What you need to do: Only those lines in the data below from the line containing "3 books to know" through the line containing "YELLOW-DIFFUSERS 500ml", both included, should be restated word for word.

Data shown:
········

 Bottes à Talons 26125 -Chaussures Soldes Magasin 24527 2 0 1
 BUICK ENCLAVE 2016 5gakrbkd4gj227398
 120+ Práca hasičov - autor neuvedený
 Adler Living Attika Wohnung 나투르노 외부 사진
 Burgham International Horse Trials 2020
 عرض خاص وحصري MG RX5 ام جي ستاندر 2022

········

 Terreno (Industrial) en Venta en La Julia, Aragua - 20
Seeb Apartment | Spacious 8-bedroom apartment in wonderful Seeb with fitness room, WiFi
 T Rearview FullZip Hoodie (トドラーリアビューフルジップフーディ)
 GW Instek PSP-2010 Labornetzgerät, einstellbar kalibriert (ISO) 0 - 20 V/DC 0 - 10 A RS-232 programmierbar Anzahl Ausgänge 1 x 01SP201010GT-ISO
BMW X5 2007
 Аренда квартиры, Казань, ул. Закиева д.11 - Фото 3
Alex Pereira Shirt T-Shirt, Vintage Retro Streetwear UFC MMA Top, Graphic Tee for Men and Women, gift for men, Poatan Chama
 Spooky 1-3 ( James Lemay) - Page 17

········

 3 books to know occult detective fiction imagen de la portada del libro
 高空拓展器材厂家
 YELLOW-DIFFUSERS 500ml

········

Answer to this problem:
 3 books to know occult detective fiction imagen de la portada del libro
 高空拓展器材厂家
 YELLOW-DIFFUSERS 500ml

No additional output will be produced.